WorldMark: A Unified Benchmark Suite for Interactive Video World Models
Xiaojie Xu, Zhengyuan Lin, Kang He, Yukang Feng, Xiaofeng Mao, Yuanyang Yin, Kaipeng Zhang, Yongtao Ge
2026-04-24
Summary
This paper introduces WorldMark, a new benchmark designed to fairly compare different interactive video generation models, like those that let you control a character in a video game with WASD keys.
What's the problem?
Currently, evaluating these models is difficult because each company tests them using its own unique environments and ways of controlling the action, making it impossible to directly compare how well they perform against each other. Existing public tests don't provide the same standardized conditions needed for a true comparison, meaning scores aren't meaningful across different models.
What's the solution?
The researchers created WorldMark, which provides a common set of scenes and actions for all models to use.
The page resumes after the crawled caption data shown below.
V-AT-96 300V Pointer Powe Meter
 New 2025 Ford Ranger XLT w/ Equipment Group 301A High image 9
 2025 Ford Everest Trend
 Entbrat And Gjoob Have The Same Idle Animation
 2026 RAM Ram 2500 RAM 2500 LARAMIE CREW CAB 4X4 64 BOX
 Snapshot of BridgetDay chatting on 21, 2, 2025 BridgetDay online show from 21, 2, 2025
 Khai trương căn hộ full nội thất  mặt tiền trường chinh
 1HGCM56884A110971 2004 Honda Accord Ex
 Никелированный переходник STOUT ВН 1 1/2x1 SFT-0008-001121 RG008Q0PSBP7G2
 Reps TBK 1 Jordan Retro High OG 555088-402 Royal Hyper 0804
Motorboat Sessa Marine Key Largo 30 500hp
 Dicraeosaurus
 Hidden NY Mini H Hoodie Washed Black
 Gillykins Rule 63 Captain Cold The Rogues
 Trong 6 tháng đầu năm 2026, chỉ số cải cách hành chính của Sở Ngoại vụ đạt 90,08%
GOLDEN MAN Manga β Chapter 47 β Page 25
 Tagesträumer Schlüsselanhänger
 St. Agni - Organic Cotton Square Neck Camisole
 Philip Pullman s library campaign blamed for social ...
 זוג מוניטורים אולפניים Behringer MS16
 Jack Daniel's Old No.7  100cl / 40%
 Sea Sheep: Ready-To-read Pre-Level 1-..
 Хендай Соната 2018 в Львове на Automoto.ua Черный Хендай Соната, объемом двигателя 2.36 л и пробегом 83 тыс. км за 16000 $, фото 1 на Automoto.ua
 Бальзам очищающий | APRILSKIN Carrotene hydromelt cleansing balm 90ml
They built a 'translator' that converts simple WASD controls into the specific commands each model understands. They also created a large suite of tests with varying difficulty and viewpoints, and a toolkit to measure video quality, how well the video follows instructions, and if the world within the video makes sense. Everything – the data, code, and example videos – will be publicly available.
Why it matters?
WorldMark is important because it allows researchers and developers to objectively assess and improve interactive video generation models. By providing a standardized way to test these models, it will accelerate progress in the field and help create more realistic and controllable virtual worlds. They also launched an online arena where people can directly compare models in real-time.
Abstract
Interactive video generation models such as Genie, YUME, HY-World, and Matrix-Game are advancing rapidly, yet every model is evaluated on its own benchmark with private scenes and trajectories, making fair cross-model comparison impossible. Existing public benchmarks offer useful metrics such as trajectory error, aesthetic scores, and VLM-based judgments, but none supplies the standardized test conditions -- identical scenes, identical action sequences, and a unified control interface -- needed to make those metrics comparable across models with heterogeneous inputs. We introduce WorldMark, the first benchmark that provides such a common playing field for interactive Image-to-Video world models. WorldMark contributes: (1) a unified action-mapping layer that translates a shared WASD-style action vocabulary into each model's native control format, enabling apples-to-apples comparison across six major models on identical scenes and trajectories; (2) a hierarchical test suite of 500 evaluation cases covering first- and third-person viewpoints, photorealistic and stylized scenes, and three difficulty tiers from Easy to Hard spanning 20-60s; and (3) a modular evaluation toolkit for Visual Quality, Control Alignment, and World Consistency, designed so that researchers can reuse our standardized inputs while plugging in their own metrics as the field evolves. We will release all data, evaluation code, and model outputs to facilitate future research. Beyond offline metrics, we launch World Model Arena (warena.ai), an online platform where anyone can pit leading world models against each other in side-by-side battles and watch the live leaderboard.